La matérialité des transformations induites par les travaux publics et les voies de communication, leur caractère “positif”, pour reprendre une expression en vogue au cours de la première moitié du XIXe siècle ne doit pas toutefois faire oublier que les nations dont elles facilitent l’émergence demeurent dans une large mesure des “communautés imaginaires”, ainsi que l’a montré avec justesse le politologue anglo-irlandais Benedict Anderson. Les travaux publics et les voies de communication contribuent à la construction de l’imaginaire collectif constitutif des identités nationales selon Anderson. Ils sont eux-mêmes inséparables d’un ensemble de représentations dont on peut faire l’histoire.

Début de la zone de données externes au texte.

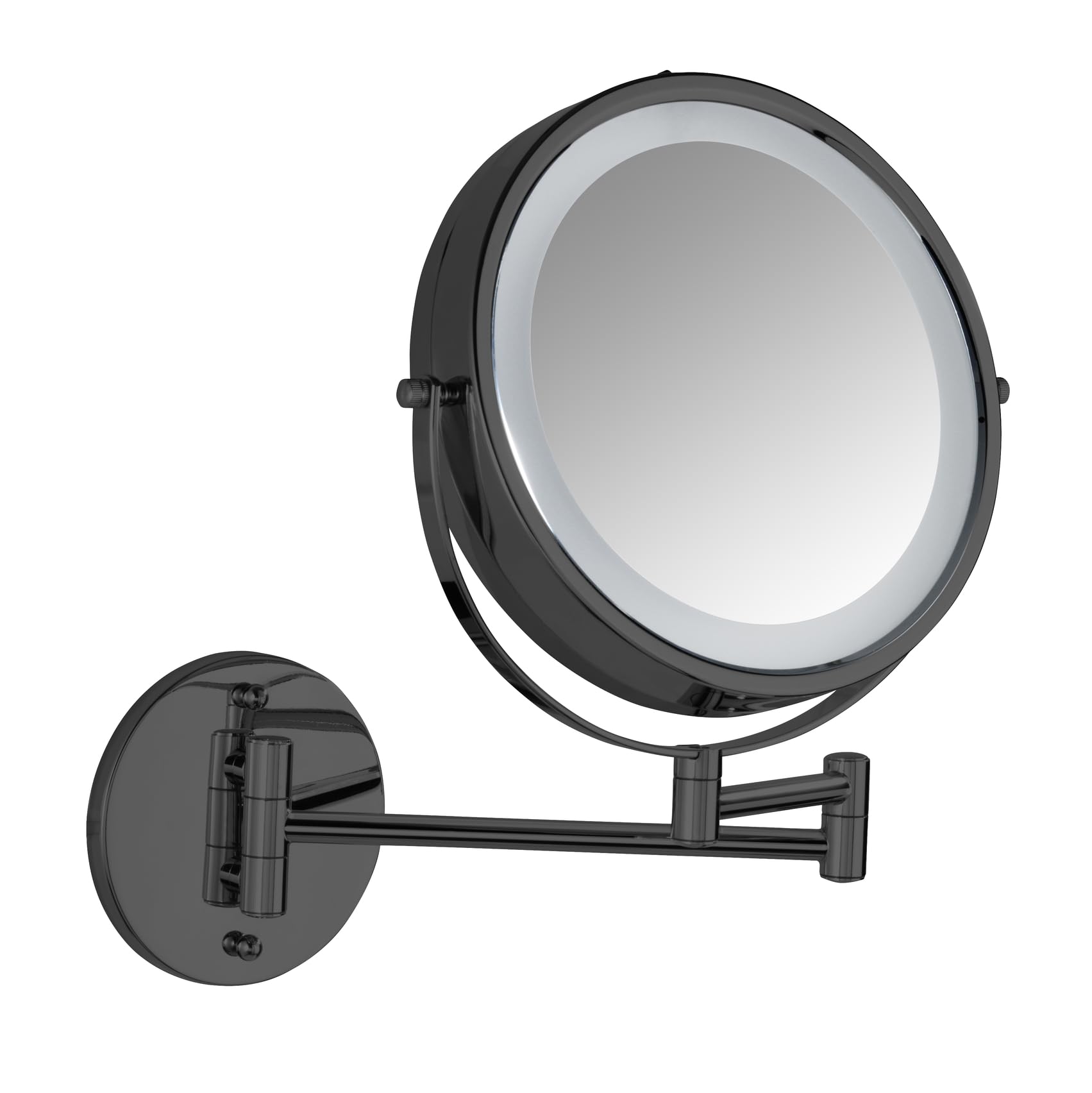 WENKO Power-Loc® LED Wandspiegel Mod. Lumi, Kosmetikspiegel mit Beleuchtung, 5-Fach Vergrößerung, ohne Bohren, Spiegelfläche Ø 17,5 cm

En même temps qu’elles s’inscrivent dans le contexte des premières années de la monarchie de Juillet, les Vues politiques et pratiques renvoient à cette entreprise beaucoup plus vaste de construction d’une identité nationale correspondant à un territoire spécifique. On peut s’interroger encore une fois sur la part d’utopie du plan d’ensemble qu’elles proposent. Il revient au même de questionner “le réel de l’utopie”, selon l’heureuse expression forgée par l’historienne Michèle Riot-Sarcey.

Qu’il s’agisse de sonder les origines de la France moderne, de réfléchir aux rapports entre planification et entreprise privée ou encore de s’interroger sur la capacité de l’utopie à imprégner des entreprises tout à fait concrètes de transformation du monde, Les Vues politiques et pratiques entrent en résonance avec de nombreux débats contemporains.